Wilderness is defined as largely intact landscapes that are mostly free of human disturbance. These areas do not exclude people; instead, they are free of large-scale land conversion, industrial activity, or infrastructure development.
The study, titled “Catastrophic Declines in Wilderness Areas Undermine Global Environment Targets,” is the first mapping of global change in wilderness over time, researchers said. To evaluate this decline, scientists measured changes in global wilderness maps that have become more accurate as satellite technology and global positioning systems have evolved. Researchers then compared their measurements against comparable data from the early 1990s.
According to the study, some 23 percent of the world can still be considered wilderness, and most of it is located in North America, North Asia, North Africa, and Australia.
“You cannot restore wilderness … the only option is to proactively protect what is left.”

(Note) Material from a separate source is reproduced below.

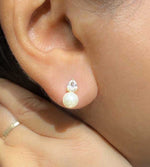 Load image into Gallery viewer, Snowy Pearl drop  Silver stud earrings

But while the study notes protected areas have expanded over the past two decades, conservation has ultimately lagged. Since 1990, some 2.5 million square kilometers — slightly less than a million square miles — became protected worldwide. In contrast, about 3.3 million square kilometers of wilderness —roughly 1.2 million square miles — were lost.
“The amount of wilderness loss in just two decades is staggering,” Oscar Venter, co-author and researcher at the University of Northern British Columbia, said in a statement. “You cannot restore wilderness … the only option is to proactively protect what is left.”
The findings show an immediate need for policies to recognize the value of wild areas, researchers said, and address massive losses particularly as human-caused climate change continues.
Intact ecosystems like rainforests can regulate local and global weather through the absorption and creation of rainfall, and their exchange of atmospheric gases. Forests also sequester carbon that can otherwise exacerbate climate change.
“Losing these places means that we are going to suffer the consequences of climate change more,” Watson, who presented his findings during the International Union for Conservation of Nature now happening in Hawaii, said. “Especially more extreme events, such as storms and droughts.”
The study comes as mounting research shows humans are gobbling natural spaces at an accelerated pace. Earlier this year, the Center for American Progress and Conservation Science Partners found that every 2.5 minutes the American West loses a football field worth of natural area to human development. (ThinkProgress is an editorially independent blog housed at the Center for American Progress.)
And last year, a North Carolina State University researcher and others found that the Brazilian Amazon and the Congo Basin are the last two areas with major untouched forests on the planet. They also found that some 70 percent of all remaining global forest cover is within one kilometer, or 0.6 miles, of human development.
Watson said saving wilderness will happen if countries like the United States, Australia, Brazil, and others with vast natural resources take a prominent stand. And indeed, some countries are ramping up their conservation efforts. Just last month, President Obama expanded the Papahānaumokuākea Marine National Monument in Hawaii, the world’s largest natural sanctuary.
And in South America, the Amazon Region Protected Areas, or ARPA program, is creating sustainable natural resource management reserves in Brazil, Peru, and Colombia, according to Thursday’s study. Meanwhile, the Canadian Boreal Forest Conservation Framework aims to protect at least 50 percent of the Boreal forest, the world’s largest land-based biome.
Still, much more needs to happen, researchers said, since losses continue in major wilderness strongholds in the Amazon, the Congo Basin, and the forests of New Guinea. “We are running out of space for wilderness and we are running out of time,” Watson said.